[Opening RECORD EXCERPTS section]

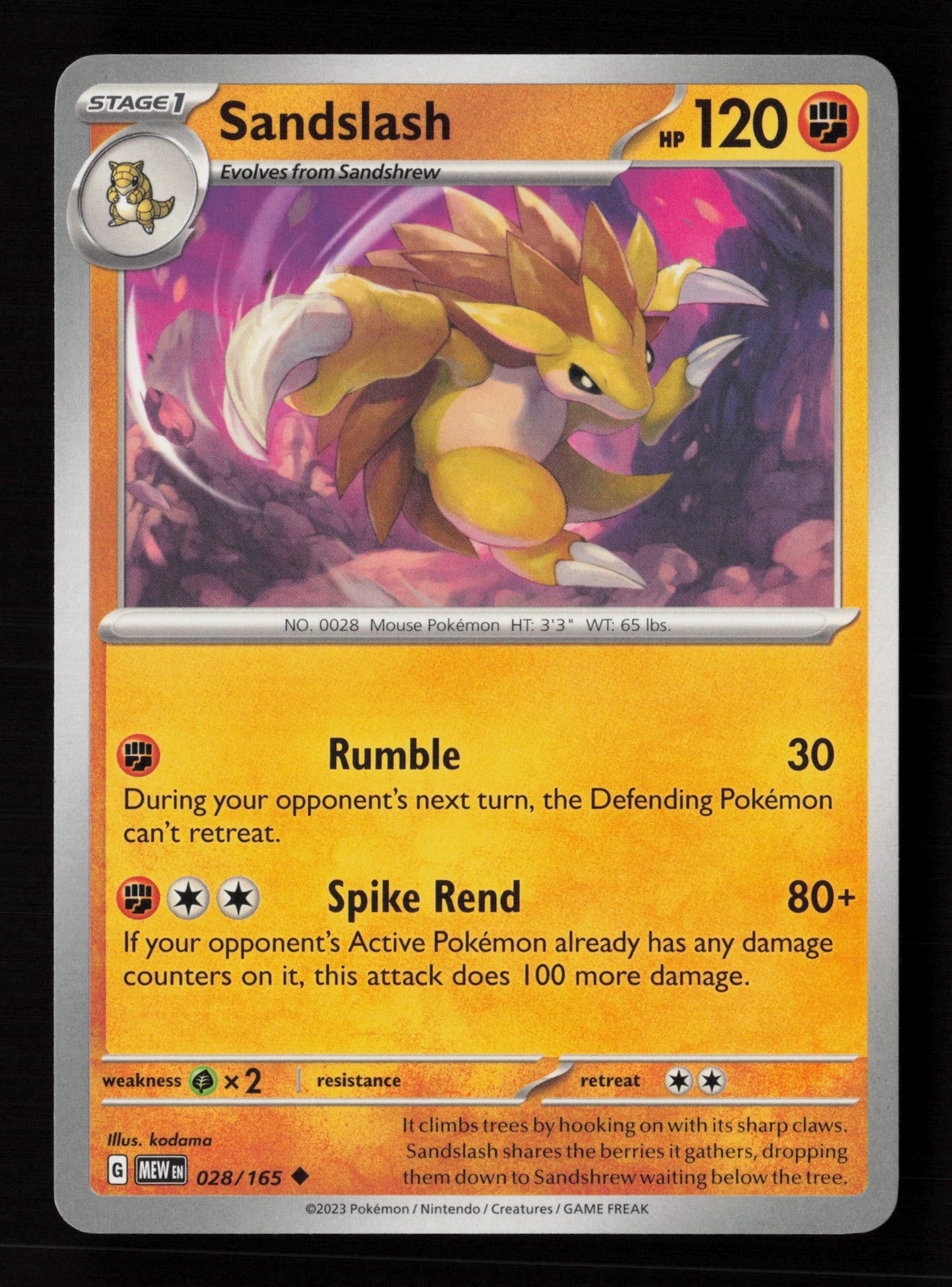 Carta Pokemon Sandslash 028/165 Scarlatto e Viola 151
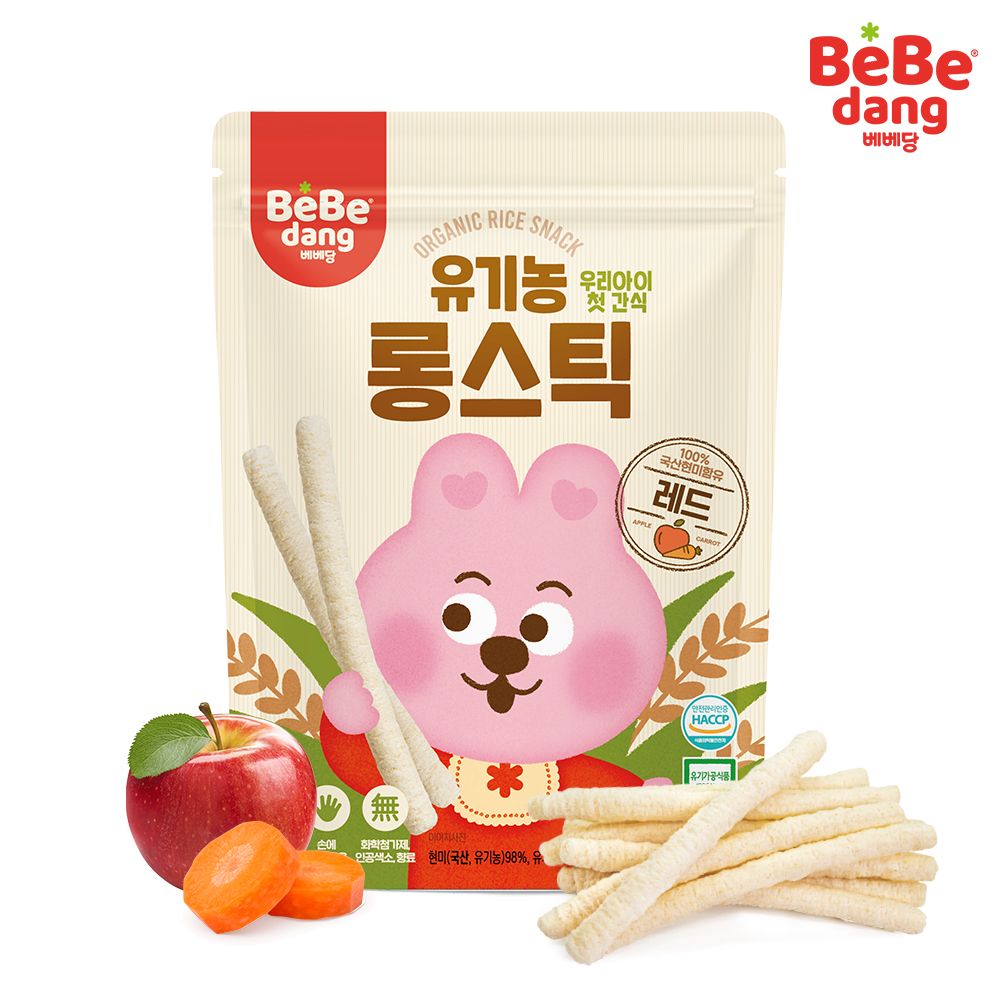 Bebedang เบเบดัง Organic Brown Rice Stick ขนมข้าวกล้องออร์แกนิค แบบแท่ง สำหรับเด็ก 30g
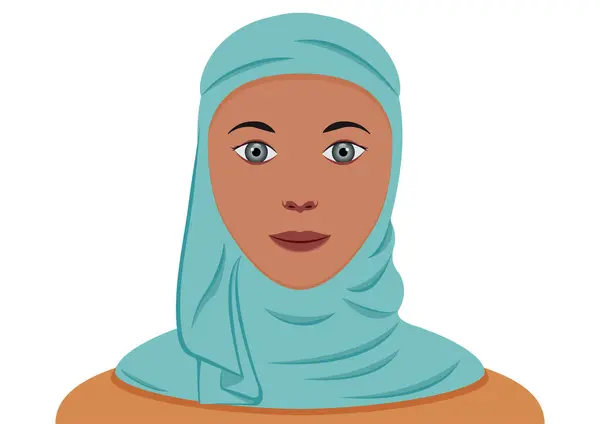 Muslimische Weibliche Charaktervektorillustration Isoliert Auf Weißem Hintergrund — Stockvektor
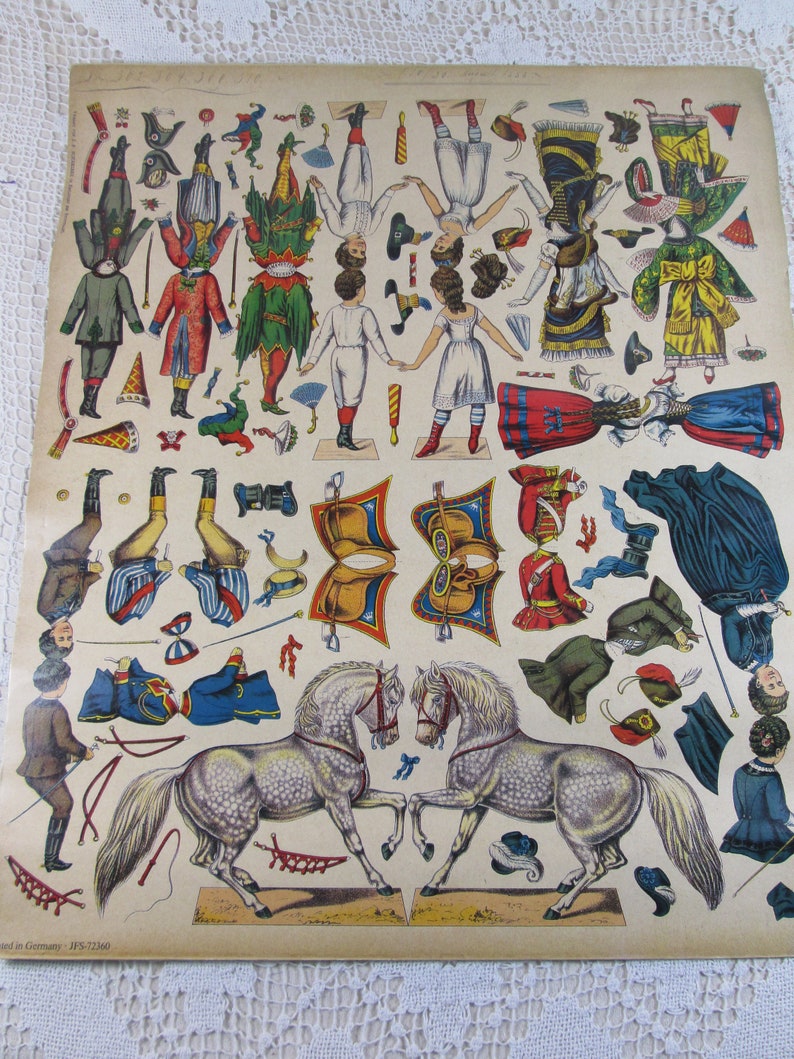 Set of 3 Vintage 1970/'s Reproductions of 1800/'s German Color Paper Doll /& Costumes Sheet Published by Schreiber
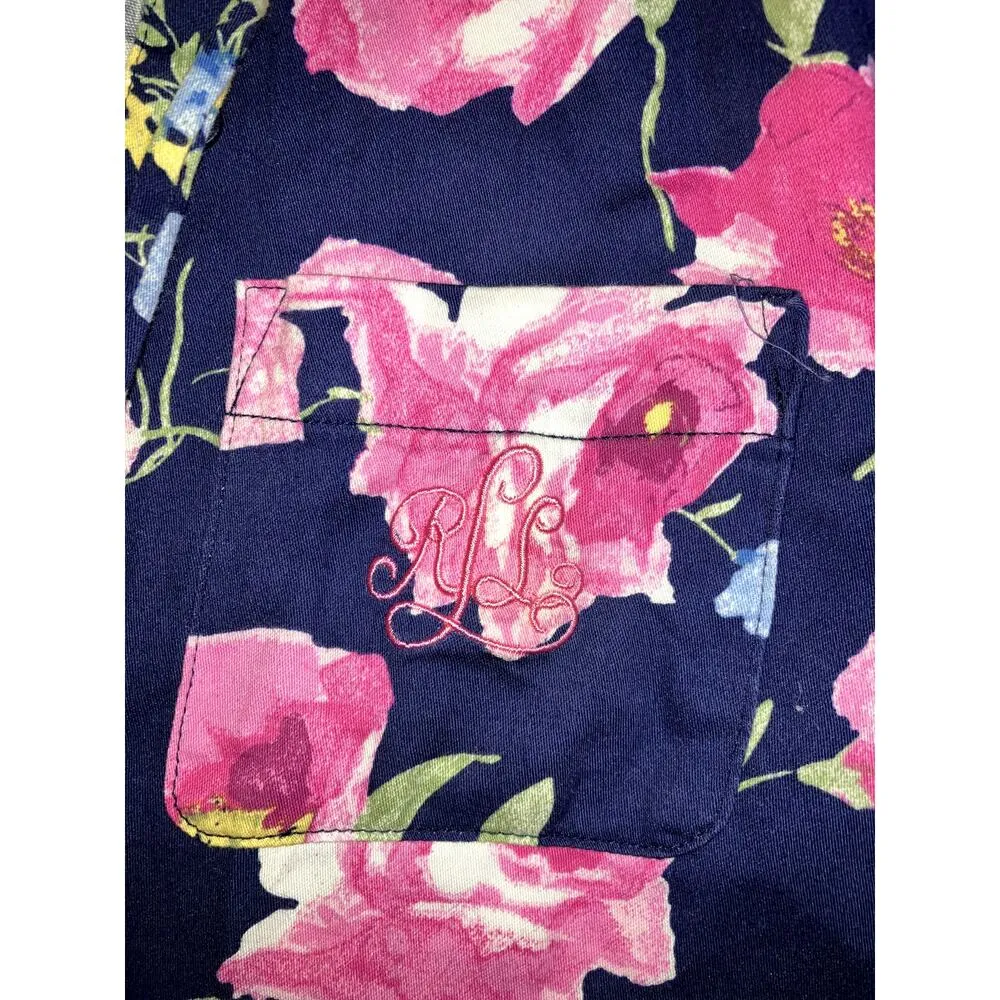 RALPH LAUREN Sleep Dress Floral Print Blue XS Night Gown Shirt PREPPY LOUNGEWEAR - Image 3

[Closing RECORD EXCERPTS section]
[Opening RECORD EXCERPTS section]

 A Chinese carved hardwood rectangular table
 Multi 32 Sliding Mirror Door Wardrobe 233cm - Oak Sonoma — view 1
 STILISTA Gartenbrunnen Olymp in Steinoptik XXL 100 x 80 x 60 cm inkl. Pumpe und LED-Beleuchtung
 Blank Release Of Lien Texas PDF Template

[Closing RECORD EXCERPTS section]

In the entries above, find the line with "A Chinese carved hardwood rectangular table" and the line with "Blank Release Of Lien Texas PDF Template", then restate word for word both of them and every line between, with nothing more.

## SOLUTION BELOW
 A Chinese carved hardwood rectangular table
 Multi 32 Sliding Mirror Door Wardrobe 233cm - Oak Sonoma — view 1
 STILISTA Gartenbrunnen Olymp in Steinoptik XXL 100 x 80 x 60 cm inkl. Pumpe und LED-Beleuchtung
 Blank Release Of Lien Texas PDF Template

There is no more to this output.